The Roswell Deception - A Review


(Blogger’s Note: For those interested in more information about this, I interviewed James Carrion on my A Different Perspective radio show. You can listen to both hours here:


And for those who wish to read the book, you can find it here:


All this will provide information about Carrion’s theories, some of my thoughts on them, and additional points of view.)

In the interest of full disclosure, I should point out that I have been involved in the investigation of the Roswell case for more than thirty years. I am deep into the minutia of the case and know where the mistakes were made and what witnesses are more than likely being less than candid. In other words, you might think that I
James Carrion. Photo copyright
by Kevin Randle
bring bias to this examination of The Roswell Deception, but I believe I can view it in a very dispassionate light. I have tried to separate what might be considered a kneejerk reaction to a new theory that moves us beyond those which has been traditionally assigned to the Roswell case.

Before we begin, there are a few things that I want to make clear. Just looking at this book as an historical thesis, we are shown a history of the United States as it existed in the late 1940s. We are shown the paranoia that seemed to run rampant, the distrust of our one-time ally, the Soviet Union, and a belief that if our government did it, there are good reasons for it. This is all demonstrated through the newspaper articles and government documents that are linked to the book through the Internet.

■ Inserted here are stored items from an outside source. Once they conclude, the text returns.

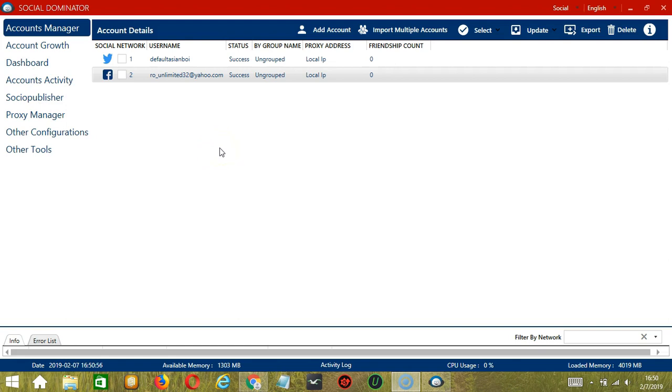Hello viewers! This is a tutorial on how to automate incoming friend requests on Facebook using Socinator. When people add you on Facebook, you can allow Socinator to accept friend requests according to your preferences.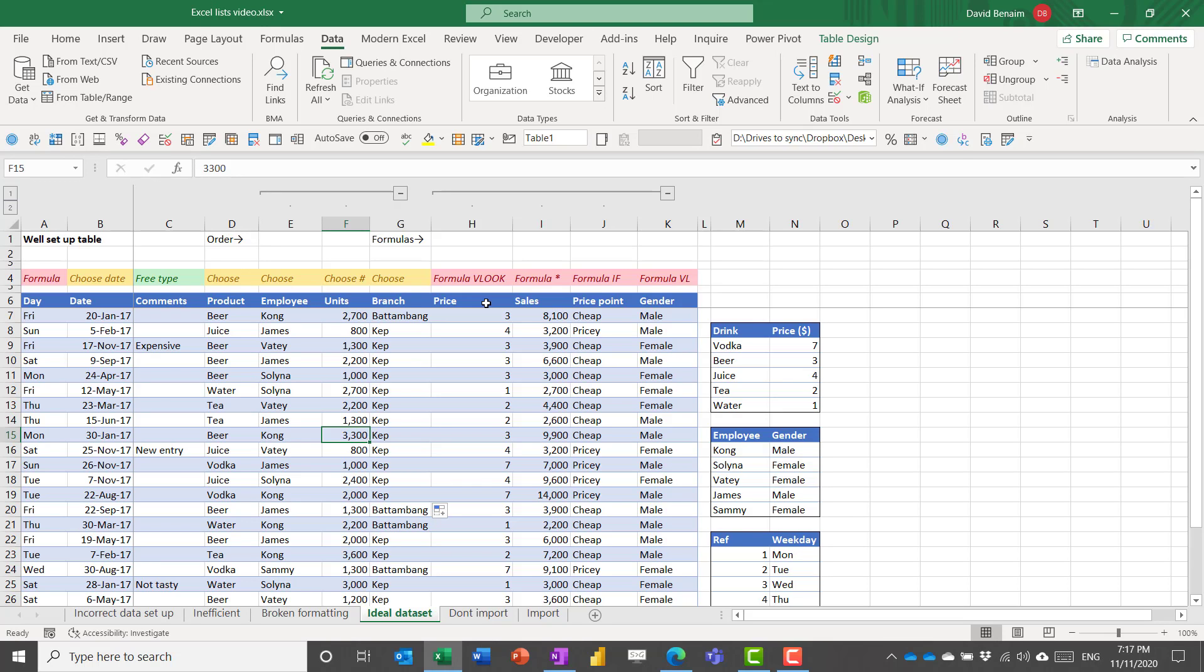It also doesn't work very well with multiple tables. You can have lookup columns that will grab data from another Microsoft list, but it's a little bit clunky, and it's not a true table relationship, as you might expect from this sort of analysis.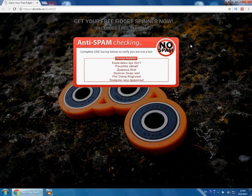In that email, you will get a website with free fidget spinners, and shipping is also free.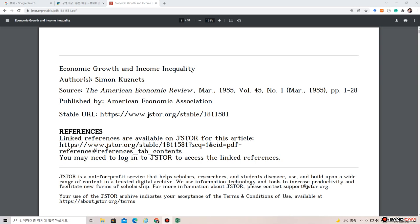Economic Growth and Income Inequality, a paper written by Simon Kuznets, who won the Nobel Prize in Economics in 1971. This is his seminal paper at the American Economic Review in 1955.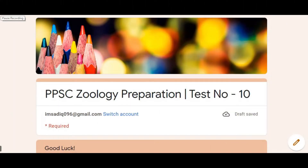Yes, welcome back friends, this is Sadek Hussain and you are watching Biologism. Here I am with the solution of Test Number Ten, which was taken from Fishes two days ago. I'm really sorry that I couldn't upload the video quickly — I was busy, which caused a bit of a delay in this test solution.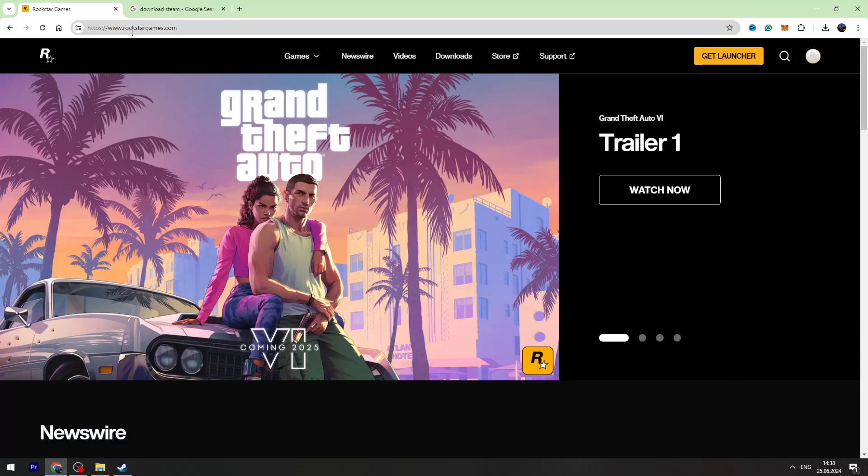Hey guys, welcome back to George Basics. In this video I will show you how to download Red Dead Redemption 2 on your PC or laptop. I'll show you two different methods how to do it.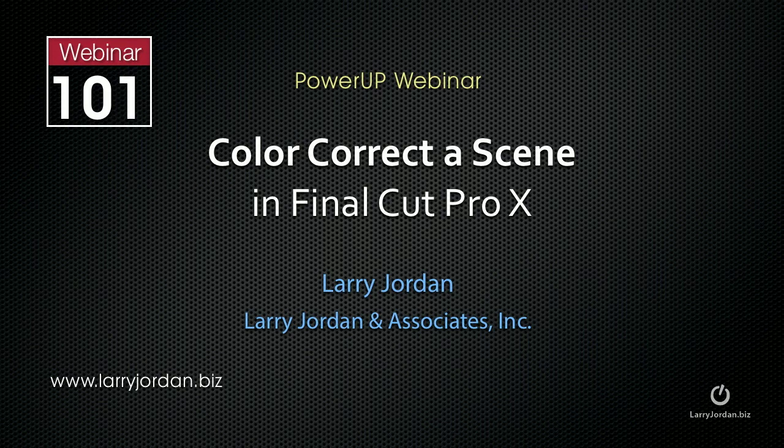The following is an excerpt of a recent power-up webinar looking at how to color correct a scene using Final Cut Pro 10.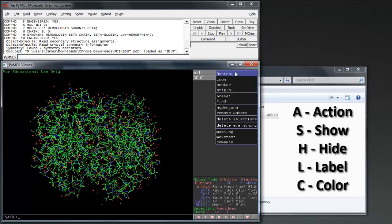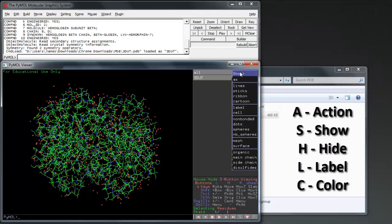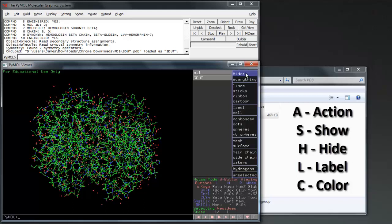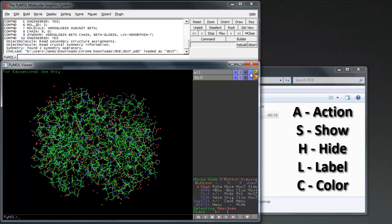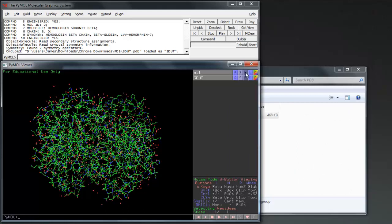Action allows us manipulation of the objects. Show allows us to show different components. Hide allows us to hide different components. And Color allows us to color different components.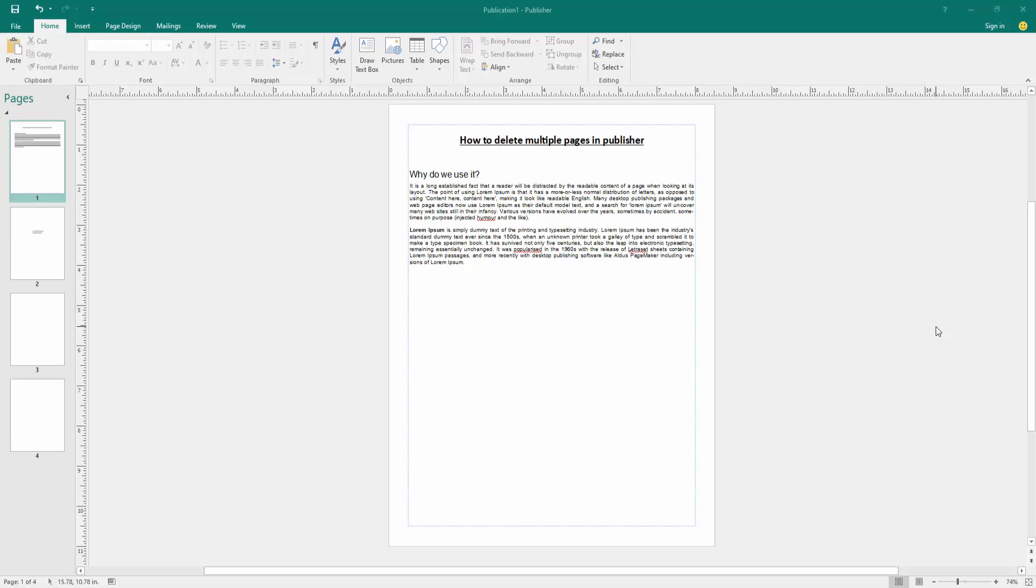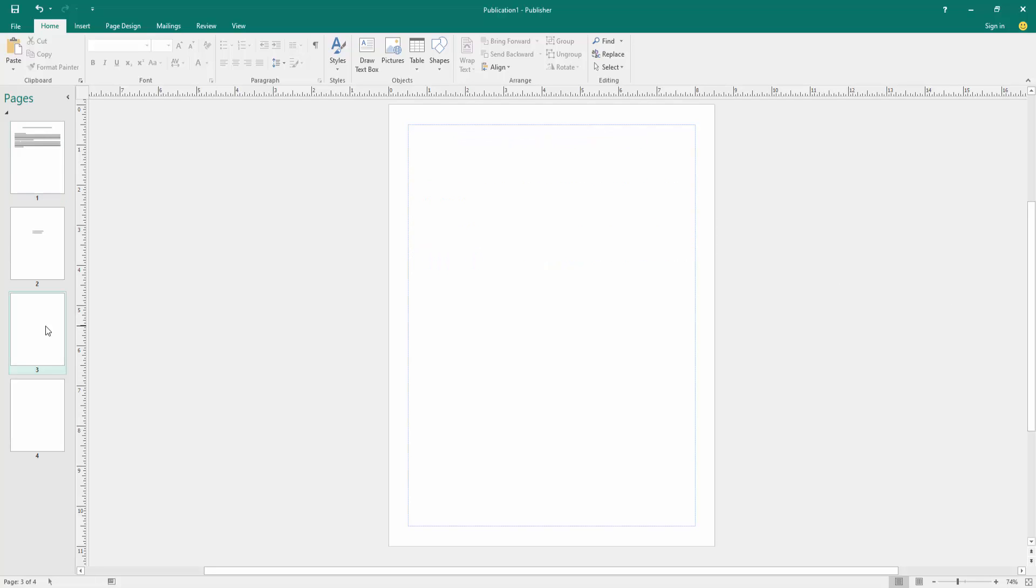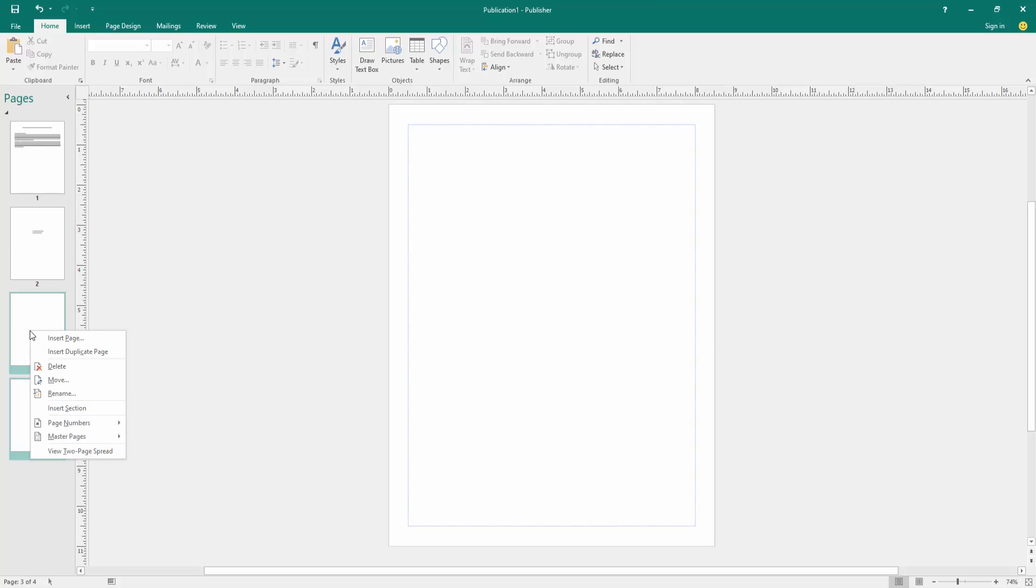Firstly, click a page, then press Ctrl on our keyboard to select the multiple pages. Now we can see we select multiple pages, 3 and 4. Then click the right button on our mouse.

There are “mini-biographies” of many of the people who populated the upper echelons of both the military and civilian worlds in the late 1940s. Those are interesting in and of themselves but some of them are irrelevant to understanding UFOs. To learn a little more about the men who were running things gives us an insight into the how and why of certain decisions were made but that doesn’t really help us understand the philosophy of the times.

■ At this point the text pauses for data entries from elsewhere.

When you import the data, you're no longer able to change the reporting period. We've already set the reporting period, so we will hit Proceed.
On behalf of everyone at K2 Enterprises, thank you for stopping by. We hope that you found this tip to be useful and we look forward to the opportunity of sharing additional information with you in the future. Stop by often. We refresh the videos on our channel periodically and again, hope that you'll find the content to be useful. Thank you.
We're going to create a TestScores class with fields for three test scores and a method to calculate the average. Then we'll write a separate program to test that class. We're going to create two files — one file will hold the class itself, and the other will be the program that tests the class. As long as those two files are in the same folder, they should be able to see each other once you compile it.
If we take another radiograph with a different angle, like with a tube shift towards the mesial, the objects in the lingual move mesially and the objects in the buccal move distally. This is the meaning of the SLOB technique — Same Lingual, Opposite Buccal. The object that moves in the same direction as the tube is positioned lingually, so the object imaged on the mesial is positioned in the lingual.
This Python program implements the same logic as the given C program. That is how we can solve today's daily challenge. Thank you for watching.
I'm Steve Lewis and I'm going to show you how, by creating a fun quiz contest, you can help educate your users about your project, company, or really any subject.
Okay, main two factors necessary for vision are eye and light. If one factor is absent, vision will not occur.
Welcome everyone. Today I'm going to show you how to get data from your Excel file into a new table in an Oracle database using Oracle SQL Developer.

There was a great deal of information about the use of deception during the Second World War. This included the use of faked divisions, rubber tanks and military vehicles, and radio traffic designed to convince the Germans that the coming invasion of France would be directed at the Pas de Calais rather than Normandy as but one example. This was designed to prove that militaries, including the United States, had successfully engaged in deception in recent history.

Second, and of little importance, are a number of small errors that do suggest a problem with the overall scholarship. Walter Haut is continually referred to as Warren Haught, the name that so many newspapers used for him. I’m not sure why this wasn’t picked up and corrected. It doesn’t seem that Carrion realized this.

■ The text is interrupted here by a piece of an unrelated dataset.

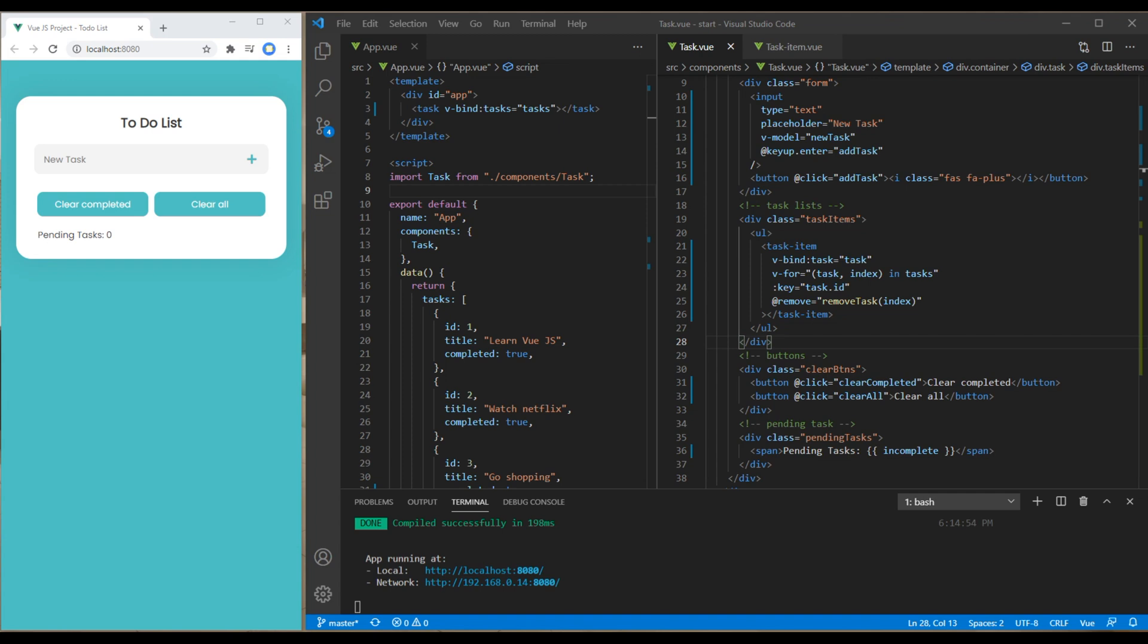This is the end of this session. In the next session we'll set the tax to complete or incomplete whenever it is clicked and we'll also add CSS class whenever the tax is completed. Feel free to comment below if you have any questions. Also please don't forget to like share and subscribe to my channel to get more videos in the future. Thank you and see you soon.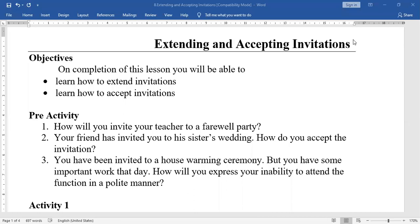Hi students, welcome to Advanced English class, second semester. Today's lesson is Chapter 3: Extending and Accepting Invitations.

In keeping with misnamed people, Carrion refers to Major Curtan and provides information about Major Eugene Curtain (page 204). But this is irrelevant because the man in Fort Worth was Major Edwin M. Kirton. The FBI didn’t bother to get the correct spelling of the man’s name. They just assumed it was spelled “Curtan.”

Third, there were other things. COMINT, which is jargon for communications intelligence is defined as code breaking. True, code breaking is part of the COMINT mission, but it goes far beyond that. It is monitoring of communications, the interception of those communications and study of them. There are many aspects to COMINT.

Fourth, is the constant suggestion that the men of the 509th Bomb Group were “handpicked.” There is no evidence that this is true, especially when we look at the unit rosters from the summer of 1947. Edwin Easley complained that his MPs were routinely rotated out of the group, to be replaced by others who now had to be trained in the procedures for handling the atomic weapons and secrets. There didn’t seem to be anyone handpicking them.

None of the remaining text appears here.